[Math] Are pure Nash equilibria Pareto-optimal

game theory

I am new in game theory and trying to solve a game with $3$ players and $2$ choices. Below I constructed matrixes.

\begin{align}&\text{Matrix } A& \text{Matrix } B\\[0.1cm]&\begin{array}{|r|r|r|}\hline 9,8,6 &9,3,6 \\ \hline 5,8,6 & 8,6,4 \\\hline \end{array}&\qquad \begin{array}{|r|r|r|}\hline 9,8,6 & 7,6,9 \\ \hline 8,6,9 & 11,9,12 \\\hline \end{array}\end{align}
where P1 chooses line (A or B), P2 column (A or B) and P3 matrix (A or B).
But I have some troubles with following questions

  1. What are the pure Nash equilibria of this game? Are any of the pure Nash equilibria Pareto-optimal?

  2. What strategy profile has the highest social welfare?

My attempt:

  1. I found all Nash eq. They are $(A, A, A),(A, A, B), (B, B, B)$.
    Which of them are Pareto-optimal? Ok, from these $3$ strategies I should choose such strategy where increasing any of player's payoff attracts decreasing of others. For the first strategy it's false because if I try to increase the payoff of P1, there is only one strategy to do it $(B,B,B)$, others also increase. The same for the second strategy. For the last strategy $(B, B, B)$ I don't know the answer. All payoffs are max no way to increase them. Does it mean that it's pareto optimal? I think yes.
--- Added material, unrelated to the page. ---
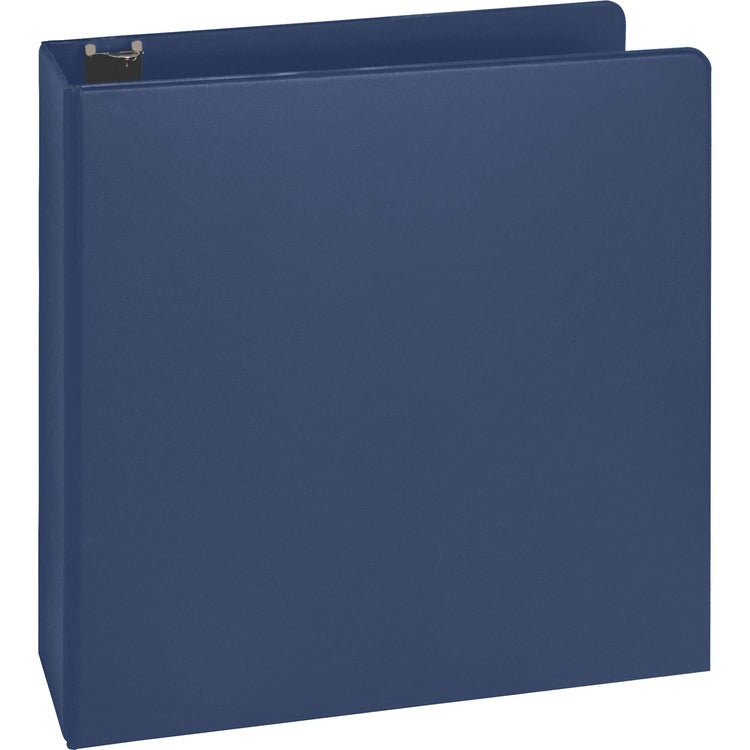 Business Source 35% Recycled Round-ring Binder, 2" Capacity, Blue (BSN16464) Each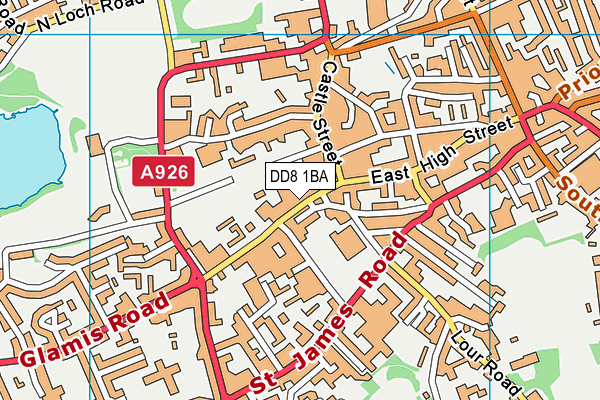 DD8 1BA map - OS VectorMap District (Ordnance Survey) DD8 1BA map - OS VectorMap District (Ordnance Survey)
  2. No idea about second question. I read the def of social welfare function but didn't understand it. Could you give me a hint or rephrase the def to be more clearly to me.

Thanks.

Best Answer

Yes, it is possible for Nash equilibrium to be either Pareto optimal or not. One of the justifications economists present for game theory is that we can enact mechanisms that move us from one non-PO equilibrium to a PO one.

Check the definition of Pareto optimality as it relates to payoffs in a game (nobody can be made strictly better off without making someone else worse off), and look at the payoffs for a prisoner's dilemma. The interesting insight of a prisoner's dilemma is that the only Nash equilibrium is Pareto dominated by another possible outcome.